401 General Military Hospital of Athens
Neurology

Author Of 2 Presentations

Disease Modifying Therapies – Risk Management Poster Presentation

P0352 - Lymphocyte Subtypes Repopulation Pattern and Secondary Autoimmunity in patients with RRMS treated with Alemtuzumab in a Real World setting (ID 1112)

Speakers
Presentation Number
P0352
Presentation Topic
Disease Modifying Therapies – Risk Management

Abstract

Background

Alemtuzumab is a humanized monoclonal antibody targeting CD52 expressing T and B lymphocytes used as a second line treatment for patients with highly active Relapsing Remitting Multiple Sclerosis (RRMS). Treatment with alemtuzumab has been associated with increased incidence of secondary auto-immune adverse events.

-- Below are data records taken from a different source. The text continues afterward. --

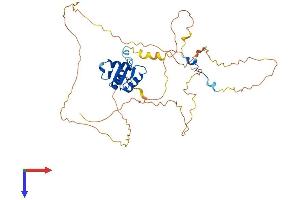 ELK3 Protein (AA 1-407) (His tag)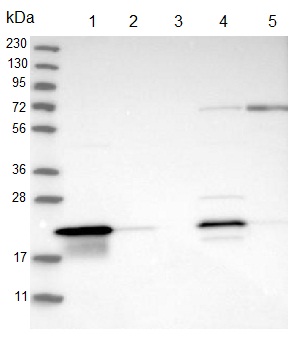 Western blot - Anti-C8orf55 antibody (AB121743), expandable thumbnail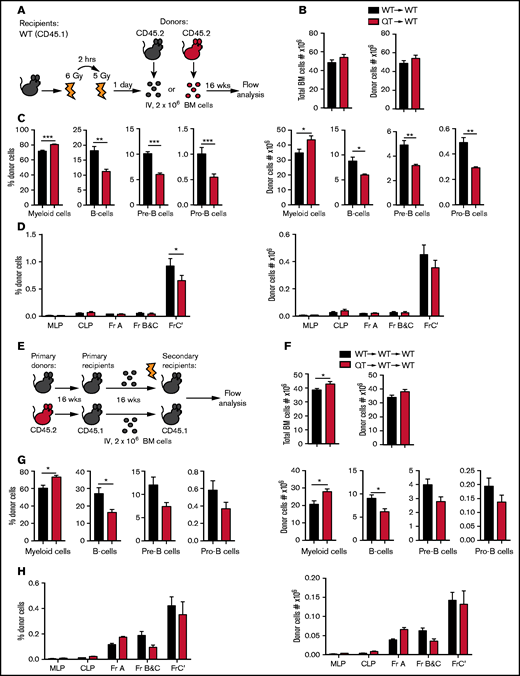 TIMPless HSCs have reduced B-lymphopoiesis potential in vivo. (A) Schematic showing the experimental procedure for WT or QT BM transplant into WT mice. WT recipient were irradiated twice and 2 million BM cells from donor mice were injected IV. Recipient BM were analyzed by flow cytometry 16 weeks later. (B) Total BM cells (left panel) and donor-derived (CD45.2+) total BM cell (right panel), 16 weeks posttransplantation, in recipient mice (WT→WT, n = 5; QT→WT, n = 4). Data represent mean plus or minus SEM; groups were compared by the unpaired Student t test; *P < .05, **P < .01, and ***P < .001. (C) Percentage (left panel) and absolute count (right panel) of donor-derived (CD45.2+), CD11b+Gr-1+ myeloid cells, B cells, pre-B and pro-B cells, from the experiment in panel B. Data represent mean plus or minus SEM; groups were compared by the unpaired Student t test; *P < .05, **P < .01, and ***P < .001. (D) Percentage (left) and absolute number (right) of cells in the B-cell developmental fractions multilineage progenitor (MLP), CLP , Fr-A, Fr-B and C, Fr-C′ of transplanted cells (CD45.2+), from the experiment in panel B. Data represent mean plus or minus SEM; groups were compared by 2-way ANOVA; *P < .05. (E) Schematic showing the experimental procedure for secondary BM transplant. Transplanted BM of WT or QT from WT primary recipient subsequently injected into irradiated secondary WT recipient. Total 2 million BM cells transplanted into secondary recipient and analyzed by flow cytometry 16 weeks later. (F) Total BM cells (left panel) and donor-derived (CD45.2+) total BM cells count (right panel), 16 weeks postsecondary transplantation, in recipient mice (WT→WT→WT, n = 4; QT→WT→WT, n = 5). Data represent mean plus or minus SEM; WT or QT groups were compared by the unpaired Student t test; *P < .05. (G) Percentage (left panel) and absolute count (right panel) of donor-derived (CD45.2+), CD11b+Gr-1+ myeloid cells, B cells, pre-B-cell and pro-B cell, from the experiment in panel F. Data represent mean plus or minus SEM; groups were compared by the unpaired Student t test; *P < .05. (H) Percentage (left) and absolute number (right) of B-cell developmental fractions MLP, CLP, Fr-A, Fr-B and C, Fr-C′ of transplanted cells in recipient mice from the experiment in panel F. Data represent mean plus or minus SEM; WT and QT groups were compared by 2-way ANOVA.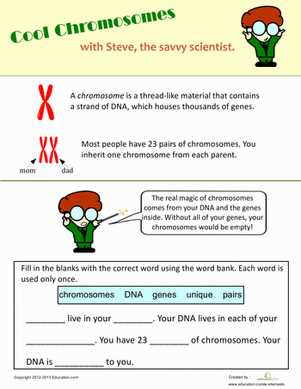 chromosomes genes and dna worksheet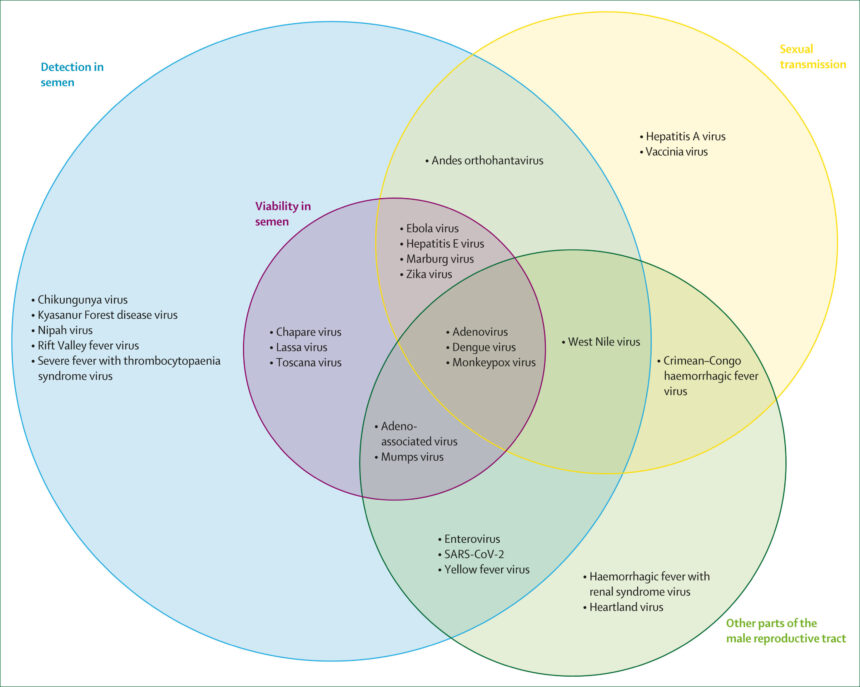 Semen study finds more pathogens capable of sexual transmission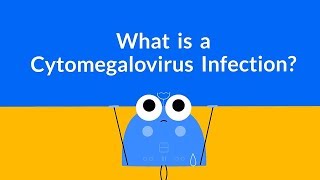 What is a Cytomegalovirus Infection Herpesvirus [upl. by Larianna]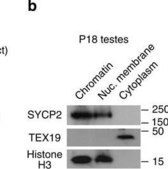 Anti-Histone H3 Antibody, clone 6.6.2 clone 6.6.2, Upstate®, from mouse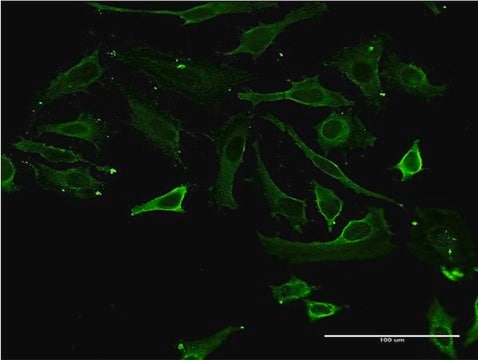 Monoclonal Anti-TSSK3 antibody produced in mouse clone 3F9, purified immunoglobulin, buffered aqueous solution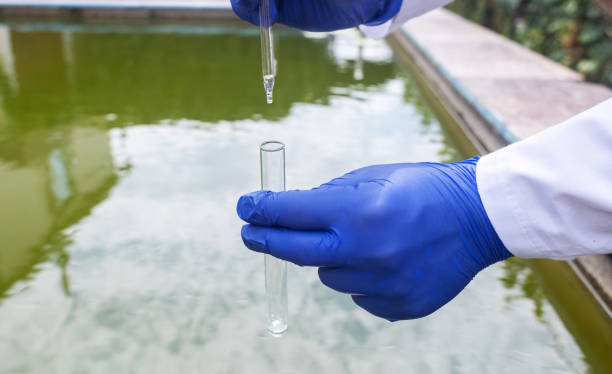 istock Water sample. Bacterial control of pool water. Checking the amount of algae, harmful substances and chemicals. Laboratory study of water from artificial reservoirs. Taking liquid into a test tube 1414453787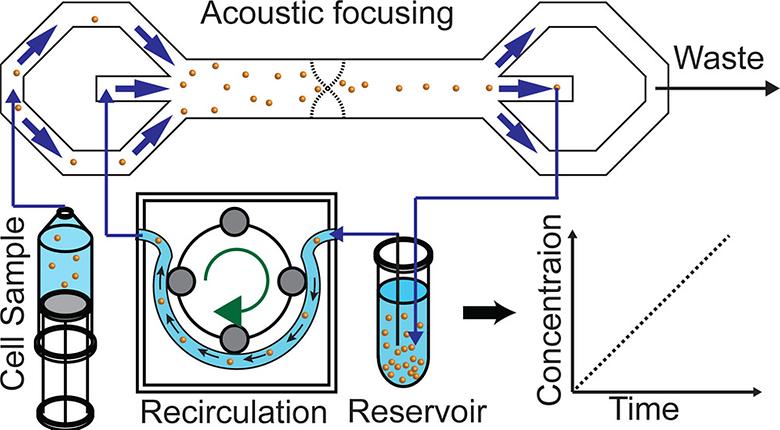 Thousand-fold Volumetric Concentration of Live Cells with a Recirculating Acoustofluidic Device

Although the exact underlying mechanisms remain unclear, it has been hypothesized that secondary auto-immunity is a result of the fast / excessive repopulation of autoreactive CD19 lymphocytes following their initial depletion.

Objectives

To investigate the potential association of peripheral lymphocyte subtypes kinetics following treatment with Αlemtuzumab with auto-immune adverse events as well as with disease activity and disease progression in patients with RRMS, in a real-world setting.

Methods

Α retrospective analysis of data from a series of 33 patients that received two courses of treatment and completed at least 24 months of follow up was performed. Primary endpoints included incidence of new or exacerbation of preexisting auto-immunities, disease activity and disease progression in association with lymphocyte depletion and repopulation patterns. Lymphocyte subpopulations (CD4+/CD8+ T cells, CD19+ B cells total and memory, CD56 NK cells) were measured using flow cytometry at baseline and at months one, three, six and twelve after each treatment course. Patients were assessed clinically and with MRI every six months throughout the 2-year follow-up period. Statistical analysis included generalized linear models for repeated measures.

Results

Overall, 17 adverse events of autoimmune origin and 2 cases of exacerbation of previously existing auto-immunities were observed. Lymphocyte repopulation patterns did not show significant differences in association with incidence of auto-immune reactions. Repopulation kinetics were also unrelated to any other primary outcome investigated in this study.

Conclusions

Our findings suggest that lymphocytes repopulation patterns do not have a predictive value of the incidence of secondary auto-immunity, as well as the activity and the progression of the disease, following treatment with Alemtuzumab. The mechanisms behind the differentiation among patients in regards to autoimmune reactions may lie in more specific lymphocyte subpopulations that have not been included in this study or in deeper molecular paths mediated by specific cytokines. Further study is required in this field.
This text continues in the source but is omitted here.